I look forward to these signings because I have my suspicions that this could be my last book-signing road trip. Not because I don’t want to do it, but book selling is a business now and not so much about the authors. Sales are important, and always have been, but the independent bookstores used to welcome all authors.

In NYC, one bookstore asked me to guarantee 30 book sales before they would host a signing. Hell, I hoped for 50 or 100, but guarantee – give me a break. Without being a draw of some kind, I think many authors will discover it is harder and harder to find stores willing to host signings.

I would love to be proven wrong.

Wednesday, February 16, 2011

Book Release: FREE RANGE INSTITUTION

Today, Feb. 16, is the release date of my 2nd book, Free Range Institution, in my Mick Murphy Key West Mystery series. I thought I would share some words from those that got to review the book prior to today. If the reviews pique you interest, please buy the book at an independent bookstore or go to my website - www.michaelhaskins.net - and I list a few of my favorite bookstores and they take internet orders. All bookstores need our support.


EARLY REVIEWES OF

“Free Range Institution.”

Booklist Review (January 1, 2011)

This title will publish in February 2011

****************************************

Free Range Institution. Haskins, Michael (Author)

Feb 2011. 382 p. Five Star, hardcover, $25.95. (9781594149290).

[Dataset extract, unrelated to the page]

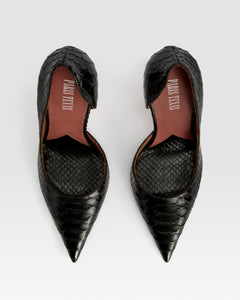 Zapatos de tacon de piel con estampado de serpiente de color negro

Mick Murphy, the news hawk hero of Haskins’ latest Key West mystery, makes a classic reporter goof. He pretends to be a little closer to the action than he really is. Both good and bad guys take him at his word, and the chase is on. At the heart of it all is a plot to bring a particularly cheap and addictive drug called paco into the U.S. As the good guys assemble behind Mick and check their guns, echoes of Miami Vice reverberate, with both its pastel glitz and its underlying despair. The cartels have more money and guns; the best the rest of us can do is hold together. Things get lively as the confrontation approaches, but this really isn’t a high-concept action novel or even a stripped-down thriller. It’s about adult relationships, and its generous use of the Key West setting will appeal to readers who like local color. Since it’s the Keys, a lot of beer and rum goes down, and there’s much eating of cheeseburgers, dolphin sandwiches, and breakfast eggs with hot sauce.

Don Crinklaw

Mark Howell

Editor

Solares Hill

It’s a very different book from Haskins’ first Murphy novel. Not simply in length but in range of characterization. I truly like all of these people – Jim, Norm, Tita (when do I get to meet her?) and, naturally, the Padre and Murphy himself. Also the plentiful bad guys and the two top cops . . . they come across as all too real. There’s an almost Felliniesque display of characters here and I think that’s what will keep readers engaged through quite a heavy plot – not just the plotting but the bad guys’ plot in itself.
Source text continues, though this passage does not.